Se parece mucho a la libertad.

No quiero depender de alguien para ser feliz, ni quiero estar fijándome en lo que digo y en lo que hago. No quiero que la felicidad de alguien dependa de mi, por que eso no es ser libre. Eso es estar atada a unas circunstancias y a unos actos que debo hacer para mantener al mundo contento.

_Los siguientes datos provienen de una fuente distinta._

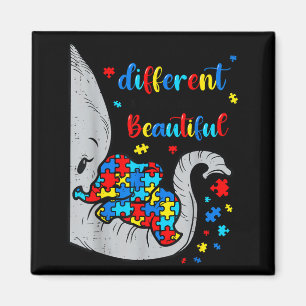 Imã O Que Torna Diferente Bela Elefante para a Mamãe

Quiero andar descalza por la playa en mitad de Abril y no atenerme a unas normas que alguien ha formulado. Quiero ponerme zapatillas cuando tenga que usar tacones, y no por el placer de llevar la contraria, si no por que odio ser más alta que mis posibilidades.
No quiero pintarme ni tener la necesidad de hacerlo. Que nadie me diga de qué manera tengo que vestir, con quien debo salir ni qué música debo escuchar. No quiero que me digan qué tengo que escribir, por que eso no es ser libre.
Quiero conocerme a fondo, desde dentro hacia fuera, cambiar las cosas que no me gustan de mi misma y rehacerme. Quiero deshacer y hacer la persona que llevo dentro. Quiero ser consciente de lo que necesito, de a quien quiero en mi vida. Quiero tener las ideas claras y no nadar en ese mar de dudas tan famoso, del que todo el mundo habla.
Quiero conocerme, por que últimamente no me reconozco.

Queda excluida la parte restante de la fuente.